TASK INSTRUCTIONS
In the records below, find the line containing "Sun wheel side of pendant" and the line containing "Nahaufnahme von der". Give again exactly those lines and every line between them, omitting the pictures.

SOURCE RECORDS

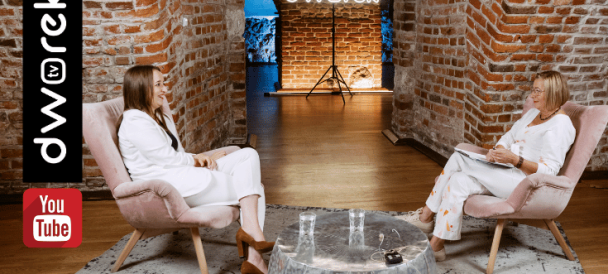 Na zdjęciu dwie kobiety w jasnych ubraniach - Renata Głowacka i Andrea Bnin-Bnińska, w studio Dworek TV z charakterystyczną murowaną ścianą, siedzą naprzeciw siebie na fotelach i rozmaiwają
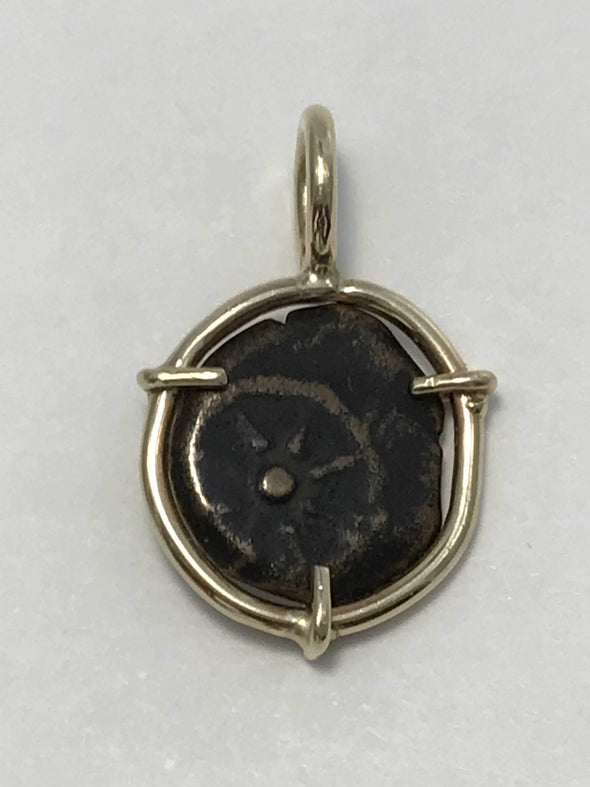 Sun wheel side of pendant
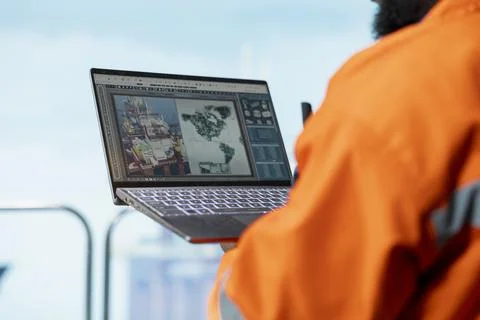 Close up of offshore engineer using laptop to conduct subsea mapping survey Stock Photos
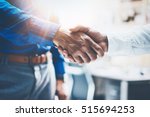 Close up view of business partnership handshake.Concept two businessman handshaking process.Successful deal after great meeting.Horizontal,flare effect, blurred background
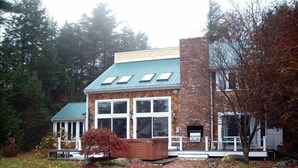 A two-story building with a brick facade and a green roof.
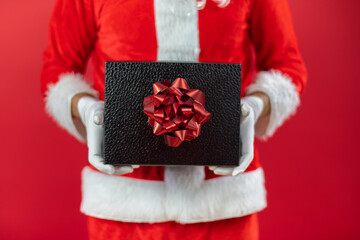 Nahaufnahme von der Hand von einem Weihnachtsmann, der ein Geschenk, vor roten Hintergrund, hält....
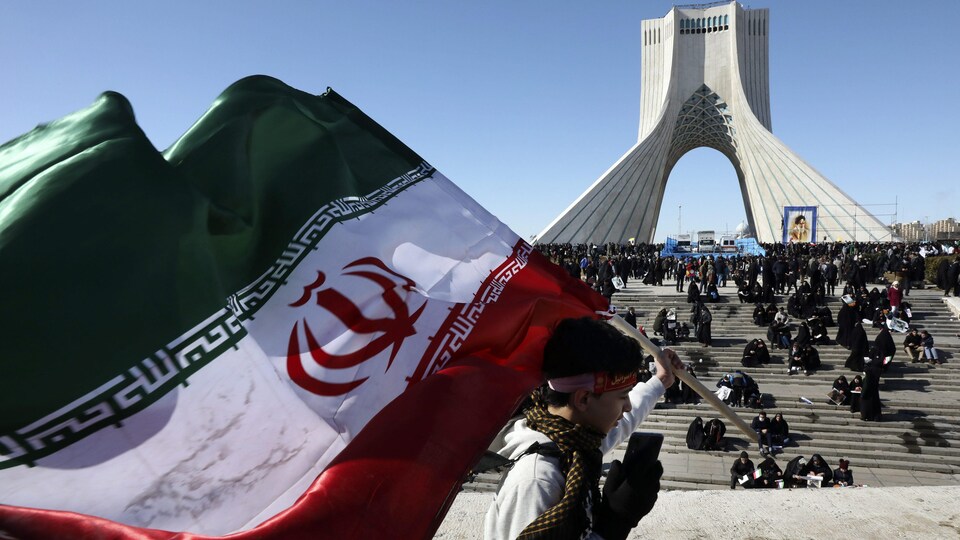Un garçon porte un drapeau iranien devant la Tour Azadi (Liberté) à Téhéran pour marquer le 40e anniversaire de la Révolution islamique. 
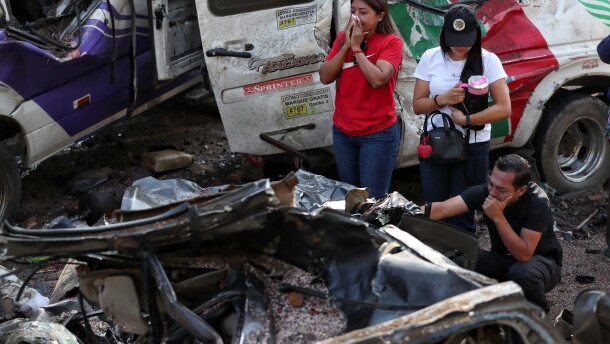 Relatives of victims pay respects at the site of an attack on the Pan-American Highway in Cajibio, Colombia, Sunday, April 26, 2026, where at least a dozen people were killed in an attack authorities blamed on dissident groups of the former FARC rebels.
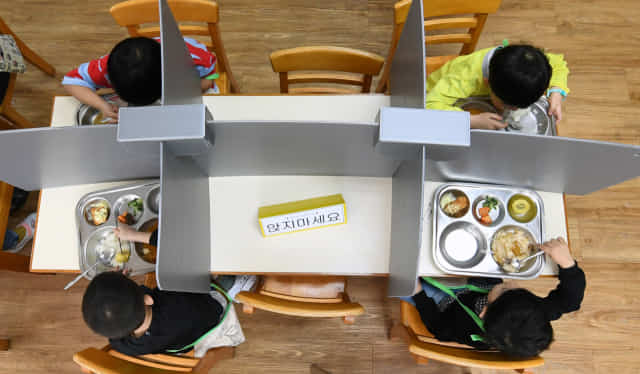 지난해 5월 창원 외동초에서 칸막이가 설치된 급식소에서 점심을 먹고 있는 학생들.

EXERCISE RESULT
 Sun wheel side of pendant
 Close up of offshore engineer using laptop to conduct subsea mapping survey Stock Photos
 Close up view of business partnership handshake.Concept two businessman handshaking process.Successful deal after great meeting.Horizontal,flare effect, blurred background
 A two-story building with a brick facade and a green roof.
 Nahaufnahme von der Hand von einem Weihnachtsmann, der ein Geschenk, vor roten Hintergrund, hält....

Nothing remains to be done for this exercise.